● Task
All lines from the first one in the listing below to the one holding "Maul magneet MAULsolid, diameter", inclusive, are to be copied exactly.

● Data for analysis
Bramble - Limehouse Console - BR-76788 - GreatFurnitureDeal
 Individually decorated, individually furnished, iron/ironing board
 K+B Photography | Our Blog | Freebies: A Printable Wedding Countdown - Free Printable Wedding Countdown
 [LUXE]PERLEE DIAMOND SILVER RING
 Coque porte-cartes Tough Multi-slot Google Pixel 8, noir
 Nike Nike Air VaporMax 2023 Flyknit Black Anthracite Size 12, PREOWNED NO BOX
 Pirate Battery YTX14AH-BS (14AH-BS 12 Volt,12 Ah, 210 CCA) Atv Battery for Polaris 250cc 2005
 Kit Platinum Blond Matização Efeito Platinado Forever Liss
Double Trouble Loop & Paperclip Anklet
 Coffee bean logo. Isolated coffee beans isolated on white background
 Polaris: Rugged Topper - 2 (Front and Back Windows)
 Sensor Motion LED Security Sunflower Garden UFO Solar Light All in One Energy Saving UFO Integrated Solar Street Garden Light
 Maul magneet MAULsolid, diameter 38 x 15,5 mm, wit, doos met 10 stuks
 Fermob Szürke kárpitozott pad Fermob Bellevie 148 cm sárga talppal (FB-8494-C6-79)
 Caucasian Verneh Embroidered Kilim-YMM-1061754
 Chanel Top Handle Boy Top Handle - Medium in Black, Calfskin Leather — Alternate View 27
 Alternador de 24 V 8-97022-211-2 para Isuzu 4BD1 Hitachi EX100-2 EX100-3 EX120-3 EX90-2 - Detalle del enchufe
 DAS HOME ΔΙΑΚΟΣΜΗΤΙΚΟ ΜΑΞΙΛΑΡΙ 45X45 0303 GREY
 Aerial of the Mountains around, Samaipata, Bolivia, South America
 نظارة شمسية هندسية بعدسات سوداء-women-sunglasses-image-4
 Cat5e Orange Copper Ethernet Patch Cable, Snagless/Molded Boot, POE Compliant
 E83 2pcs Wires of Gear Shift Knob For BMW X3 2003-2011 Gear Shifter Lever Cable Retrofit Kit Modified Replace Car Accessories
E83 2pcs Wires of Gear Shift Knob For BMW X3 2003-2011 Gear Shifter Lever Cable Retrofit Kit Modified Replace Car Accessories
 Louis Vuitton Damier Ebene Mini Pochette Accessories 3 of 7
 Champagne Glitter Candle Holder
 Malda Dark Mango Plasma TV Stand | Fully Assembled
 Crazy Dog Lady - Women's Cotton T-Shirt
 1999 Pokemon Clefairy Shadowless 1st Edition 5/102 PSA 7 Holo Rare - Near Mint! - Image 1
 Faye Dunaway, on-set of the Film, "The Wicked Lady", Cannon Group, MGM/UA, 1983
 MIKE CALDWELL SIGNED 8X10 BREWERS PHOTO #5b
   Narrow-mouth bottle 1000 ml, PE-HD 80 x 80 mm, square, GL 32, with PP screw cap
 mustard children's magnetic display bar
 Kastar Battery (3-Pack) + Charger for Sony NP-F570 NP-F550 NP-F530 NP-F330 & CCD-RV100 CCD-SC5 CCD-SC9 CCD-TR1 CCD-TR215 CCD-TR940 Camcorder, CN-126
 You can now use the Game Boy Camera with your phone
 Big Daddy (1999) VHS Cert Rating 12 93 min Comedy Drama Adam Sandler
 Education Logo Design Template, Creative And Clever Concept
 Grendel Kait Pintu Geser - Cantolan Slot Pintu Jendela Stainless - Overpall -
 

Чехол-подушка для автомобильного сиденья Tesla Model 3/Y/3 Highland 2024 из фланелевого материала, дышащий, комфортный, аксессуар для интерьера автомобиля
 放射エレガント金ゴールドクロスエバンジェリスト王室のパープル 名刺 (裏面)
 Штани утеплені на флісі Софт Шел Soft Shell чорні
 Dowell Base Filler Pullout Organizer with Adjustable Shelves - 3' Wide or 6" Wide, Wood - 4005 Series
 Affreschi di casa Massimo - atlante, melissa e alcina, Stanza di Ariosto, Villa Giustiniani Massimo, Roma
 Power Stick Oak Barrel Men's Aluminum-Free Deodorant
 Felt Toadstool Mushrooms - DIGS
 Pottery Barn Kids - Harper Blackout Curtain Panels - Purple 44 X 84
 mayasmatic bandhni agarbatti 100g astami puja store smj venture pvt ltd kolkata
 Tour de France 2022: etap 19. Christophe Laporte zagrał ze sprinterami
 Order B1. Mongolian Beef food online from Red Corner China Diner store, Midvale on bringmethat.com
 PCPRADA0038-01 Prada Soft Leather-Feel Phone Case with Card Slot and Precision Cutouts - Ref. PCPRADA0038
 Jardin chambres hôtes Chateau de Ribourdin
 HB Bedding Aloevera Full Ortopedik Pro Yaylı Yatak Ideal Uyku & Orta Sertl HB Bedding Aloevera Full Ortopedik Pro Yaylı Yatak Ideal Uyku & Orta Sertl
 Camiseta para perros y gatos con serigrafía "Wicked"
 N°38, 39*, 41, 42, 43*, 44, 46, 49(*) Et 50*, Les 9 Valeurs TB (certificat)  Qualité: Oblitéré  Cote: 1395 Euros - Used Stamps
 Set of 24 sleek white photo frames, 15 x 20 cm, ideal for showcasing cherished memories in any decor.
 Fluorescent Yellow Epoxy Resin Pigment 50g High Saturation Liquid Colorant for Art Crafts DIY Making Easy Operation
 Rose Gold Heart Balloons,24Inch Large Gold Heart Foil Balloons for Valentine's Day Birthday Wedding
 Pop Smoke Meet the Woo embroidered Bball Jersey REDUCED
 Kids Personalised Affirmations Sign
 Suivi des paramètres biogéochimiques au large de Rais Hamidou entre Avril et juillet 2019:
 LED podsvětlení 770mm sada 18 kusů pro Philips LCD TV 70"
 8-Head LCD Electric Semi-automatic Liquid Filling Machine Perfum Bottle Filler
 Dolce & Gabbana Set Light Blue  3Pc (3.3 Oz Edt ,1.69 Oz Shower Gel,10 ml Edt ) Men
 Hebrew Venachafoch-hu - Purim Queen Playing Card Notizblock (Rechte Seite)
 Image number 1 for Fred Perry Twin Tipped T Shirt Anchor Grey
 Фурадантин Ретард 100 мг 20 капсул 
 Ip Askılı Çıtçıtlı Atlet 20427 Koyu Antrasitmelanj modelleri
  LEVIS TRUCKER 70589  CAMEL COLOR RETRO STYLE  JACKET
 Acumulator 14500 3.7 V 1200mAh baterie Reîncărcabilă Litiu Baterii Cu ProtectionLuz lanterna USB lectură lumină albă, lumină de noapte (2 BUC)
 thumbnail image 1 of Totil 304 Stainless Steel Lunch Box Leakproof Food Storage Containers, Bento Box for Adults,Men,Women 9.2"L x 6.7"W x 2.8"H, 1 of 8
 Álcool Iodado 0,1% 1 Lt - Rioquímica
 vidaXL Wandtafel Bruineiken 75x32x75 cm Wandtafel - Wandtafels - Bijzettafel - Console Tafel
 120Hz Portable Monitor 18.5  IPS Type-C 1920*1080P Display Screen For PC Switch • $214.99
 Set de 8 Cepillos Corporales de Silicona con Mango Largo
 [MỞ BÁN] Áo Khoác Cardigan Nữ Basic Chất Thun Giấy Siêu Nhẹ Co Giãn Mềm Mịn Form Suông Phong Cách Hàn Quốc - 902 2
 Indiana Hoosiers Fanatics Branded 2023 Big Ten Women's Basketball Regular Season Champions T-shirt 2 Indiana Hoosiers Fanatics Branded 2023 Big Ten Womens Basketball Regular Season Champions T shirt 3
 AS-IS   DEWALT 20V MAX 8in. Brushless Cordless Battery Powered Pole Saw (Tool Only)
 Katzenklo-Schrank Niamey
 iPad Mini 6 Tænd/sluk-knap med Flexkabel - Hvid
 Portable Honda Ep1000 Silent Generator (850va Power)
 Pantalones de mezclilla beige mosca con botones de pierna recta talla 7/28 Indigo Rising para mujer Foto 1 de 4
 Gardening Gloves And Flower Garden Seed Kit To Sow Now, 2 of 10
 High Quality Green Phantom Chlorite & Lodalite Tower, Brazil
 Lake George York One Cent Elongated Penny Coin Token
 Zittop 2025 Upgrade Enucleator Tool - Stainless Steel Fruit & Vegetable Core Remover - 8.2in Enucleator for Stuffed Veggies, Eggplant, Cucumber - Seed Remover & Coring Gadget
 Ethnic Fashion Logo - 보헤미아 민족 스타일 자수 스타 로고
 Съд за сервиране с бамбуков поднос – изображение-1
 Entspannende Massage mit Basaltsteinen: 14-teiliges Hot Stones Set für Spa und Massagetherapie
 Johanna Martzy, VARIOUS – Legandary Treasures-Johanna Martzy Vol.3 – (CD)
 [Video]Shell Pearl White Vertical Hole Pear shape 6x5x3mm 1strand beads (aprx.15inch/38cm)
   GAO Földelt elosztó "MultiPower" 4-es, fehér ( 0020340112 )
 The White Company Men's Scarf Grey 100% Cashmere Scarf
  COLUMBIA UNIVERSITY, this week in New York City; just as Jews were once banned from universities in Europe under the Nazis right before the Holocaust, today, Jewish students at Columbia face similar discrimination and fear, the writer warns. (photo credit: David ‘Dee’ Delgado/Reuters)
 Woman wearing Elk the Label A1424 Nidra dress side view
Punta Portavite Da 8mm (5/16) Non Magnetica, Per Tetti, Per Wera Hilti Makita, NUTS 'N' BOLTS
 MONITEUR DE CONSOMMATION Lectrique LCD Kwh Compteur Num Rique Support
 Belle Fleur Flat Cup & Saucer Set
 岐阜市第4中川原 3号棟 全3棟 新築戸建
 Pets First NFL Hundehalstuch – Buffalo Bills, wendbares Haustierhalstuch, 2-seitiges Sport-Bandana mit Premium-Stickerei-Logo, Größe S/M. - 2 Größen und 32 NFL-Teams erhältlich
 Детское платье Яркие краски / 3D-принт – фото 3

● The completed task
Bramble - Limehouse Console - BR-76788 - GreatFurnitureDeal
 Individually decorated, individually furnished, iron/ironing board
 K+B Photography | Our Blog | Freebies: A Printable Wedding Countdown - Free Printable Wedding Countdown
 [LUXE]PERLEE DIAMOND SILVER RING
 Coque porte-cartes Tough Multi-slot Google Pixel 8, noir
 Nike Nike Air VaporMax 2023 Flyknit Black Anthracite Size 12, PREOWNED NO BOX
 Pirate Battery YTX14AH-BS (14AH-BS 12 Volt,12 Ah, 210 CCA) Atv Battery for Polaris 250cc 2005
 Kit Platinum Blond Matização Efeito Platinado Forever Liss
Double Trouble Loop & Paperclip Anklet
 Coffee bean logo. Isolated coffee beans isolated on white background
 Polaris: Rugged Topper - 2 (Front and Back Windows)
 Sensor Motion LED Security Sunflower Garden UFO Solar Light All in One Energy Saving UFO Integrated Solar Street Garden Light
 Maul magneet MAULsolid, diameter 38 x 15,5 mm, wit, doos met 10 stuks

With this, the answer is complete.